Posted on 22 February 2021 by cradmin

To keep pace with the evolving health challenges around the world, the US Green Building Council (USGBC) designed several LEED Safety First pilot credits, which address COVID-19. Four new Education @USGBC courses offer a combination of videos, podcasts and resources to support success with implementing these credits.

The pilot credits outline sustainable best practices related to cleaning and disinfecting, workplace reoccupancy, HVAC and plumbing operations, and may be used by LEED projects that are certified or are undergoing certification.

Learn more through these education resources:

  1. Safety First: Managing Indoor Air Quality During COVID-19 Credit
    The objective of this credit is to mitigate the spread of COVID-19 through the air in a building and to define best practices. The credit builds on the current standards for indoor air quality and LEED credits.

The resources available for this credit include a video presentation by Nicole Isle, Vice President and Chief Sustainability Strategist, Glumac, which was recorded during the USGBC Healthy Economy Forum on Aug. 4, 2020.

  1. Safety First: Re-enter Your Workspace Credit
    The goal of this credit is to establish conditions and best practices for reentry assessment, as well as planning and evaluation of progress once a space is occupied.

The resources available for this credit include video clips from a July 2020 LEED v4.1 Ask the Experts webinar, where insights are shared by Corey Enck, Vice President, LEED Technical Development, USGBC, and Ken Filarski, Founder and Principal, FILARSKI/ ARCHITECTURE + PLANNING + RESEARCH; a video clip from the USGBC Healthy Economy Forum, and the AIA Re-occupancy Assessment Tool.

  1. Safety First: Cleaning and Disinfecting Your Space Credit
    With this credit, the aim is to identify standards and best practices for cleaning that encourage a healthy indoor setting and worker safety. While vaccines and medical therapies for the treatment of COVID-19 are still in progress, there are already successful disinfectant products and processes.

The resources available for this credit include video clips from a July 2020 Ask the Experts webinar, where insights are shared by Larissa Oaks, Indoor Environmental Quality Specialist, USGBC, and Steve Ashkin, Founder and President, The Ashkin Group LLC, as well as a video presentation from the USGBC Healthy Economy Forum and podcasts interviews with Ashkin discussing the pilot credit further.
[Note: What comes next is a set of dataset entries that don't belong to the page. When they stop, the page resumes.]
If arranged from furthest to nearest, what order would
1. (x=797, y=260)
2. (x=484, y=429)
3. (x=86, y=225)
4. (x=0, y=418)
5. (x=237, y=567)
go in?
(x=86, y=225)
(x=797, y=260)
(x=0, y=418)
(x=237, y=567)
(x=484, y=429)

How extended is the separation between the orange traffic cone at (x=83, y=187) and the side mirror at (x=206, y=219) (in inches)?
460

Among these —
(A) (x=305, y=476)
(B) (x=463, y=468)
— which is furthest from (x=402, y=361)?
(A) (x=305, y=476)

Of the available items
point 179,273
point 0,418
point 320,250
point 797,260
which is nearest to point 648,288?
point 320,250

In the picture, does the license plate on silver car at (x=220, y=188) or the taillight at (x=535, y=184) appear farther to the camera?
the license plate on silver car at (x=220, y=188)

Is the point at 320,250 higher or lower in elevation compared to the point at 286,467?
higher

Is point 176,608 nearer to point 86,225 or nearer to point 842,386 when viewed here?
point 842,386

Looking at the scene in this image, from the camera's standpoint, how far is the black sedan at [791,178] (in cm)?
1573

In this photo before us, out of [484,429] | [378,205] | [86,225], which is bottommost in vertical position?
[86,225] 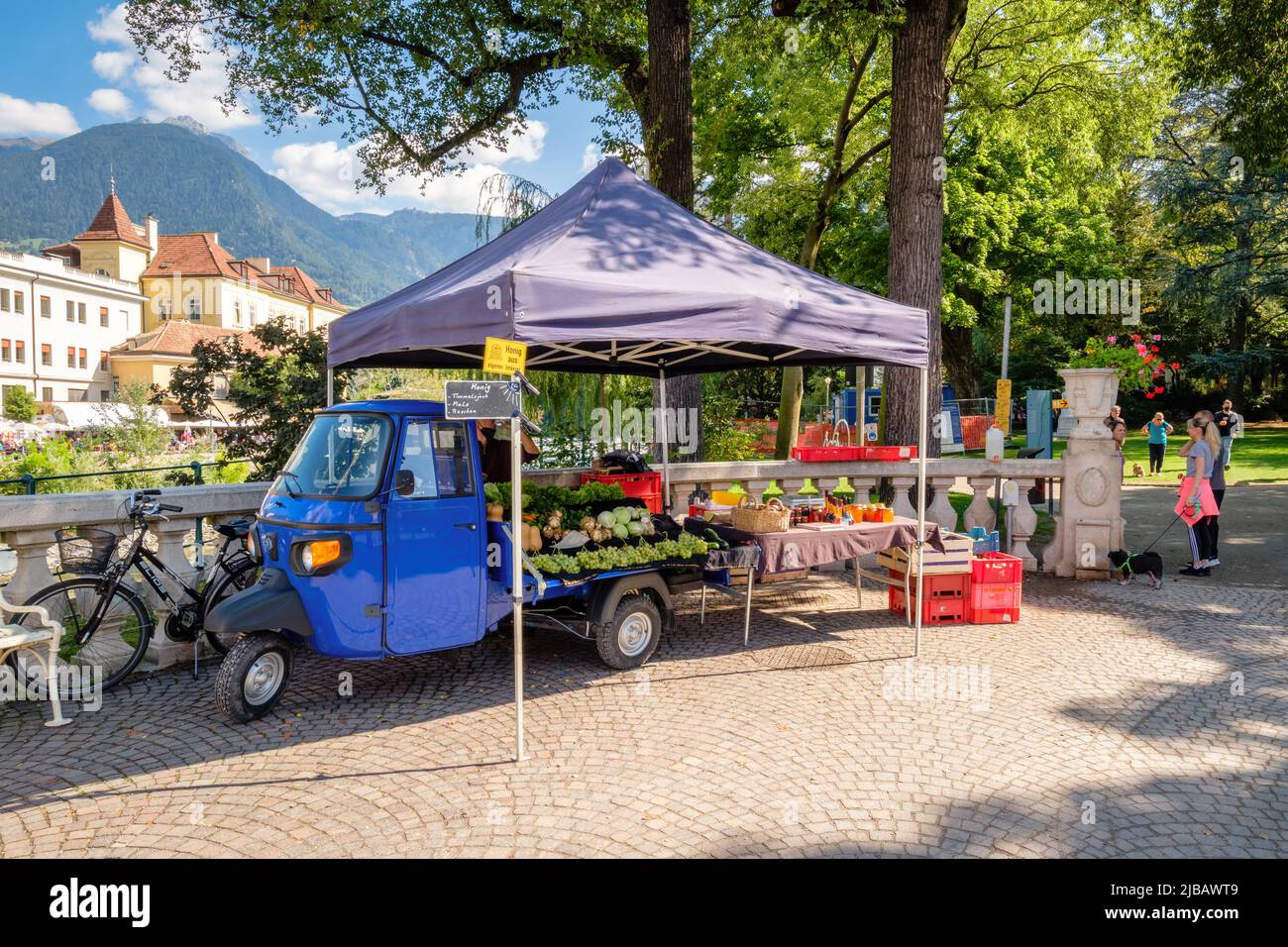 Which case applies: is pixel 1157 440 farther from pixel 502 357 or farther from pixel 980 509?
pixel 502 357

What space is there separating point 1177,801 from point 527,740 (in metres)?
3.48

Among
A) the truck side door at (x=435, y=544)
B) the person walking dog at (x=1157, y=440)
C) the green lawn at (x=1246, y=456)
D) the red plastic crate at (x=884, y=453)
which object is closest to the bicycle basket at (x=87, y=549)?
the truck side door at (x=435, y=544)

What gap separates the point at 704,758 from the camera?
4844mm

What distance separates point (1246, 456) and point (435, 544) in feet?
101

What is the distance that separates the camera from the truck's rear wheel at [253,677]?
5.28 metres

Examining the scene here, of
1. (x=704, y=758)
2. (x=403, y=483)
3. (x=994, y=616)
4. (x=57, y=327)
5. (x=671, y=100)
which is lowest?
(x=704, y=758)

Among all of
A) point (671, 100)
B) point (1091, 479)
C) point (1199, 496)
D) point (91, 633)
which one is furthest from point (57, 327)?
point (1199, 496)

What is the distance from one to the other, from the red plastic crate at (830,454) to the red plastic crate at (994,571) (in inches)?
89.4

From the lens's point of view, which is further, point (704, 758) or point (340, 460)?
point (340, 460)

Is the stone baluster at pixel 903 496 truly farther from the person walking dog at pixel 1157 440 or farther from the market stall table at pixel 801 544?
the person walking dog at pixel 1157 440

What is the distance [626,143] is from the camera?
48.2 feet

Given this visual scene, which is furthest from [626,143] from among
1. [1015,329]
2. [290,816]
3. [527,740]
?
[1015,329]

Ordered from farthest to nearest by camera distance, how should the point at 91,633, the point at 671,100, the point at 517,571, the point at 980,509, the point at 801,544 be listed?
the point at 671,100, the point at 980,509, the point at 801,544, the point at 91,633, the point at 517,571

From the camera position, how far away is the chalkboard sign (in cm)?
478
  1. Safety First: Building Water System Recommissioning Credit
    The principal objective of this credit is to define standards and best practices for cleaning that foster a healthy indoor environment and worker safety and to help building teams reduce the risk of occupant exposure to impaired water quality.

The resources available for this credit include a video presentation from the USGBC Healthy Economy Forum and a podcast interview with Daryn Cline, Director, Environmental Technologies at EVAPCO.

All four pilot credits listed in this article are available for LEED 2009, LEED v4 and LEED v4.1 and can be found here.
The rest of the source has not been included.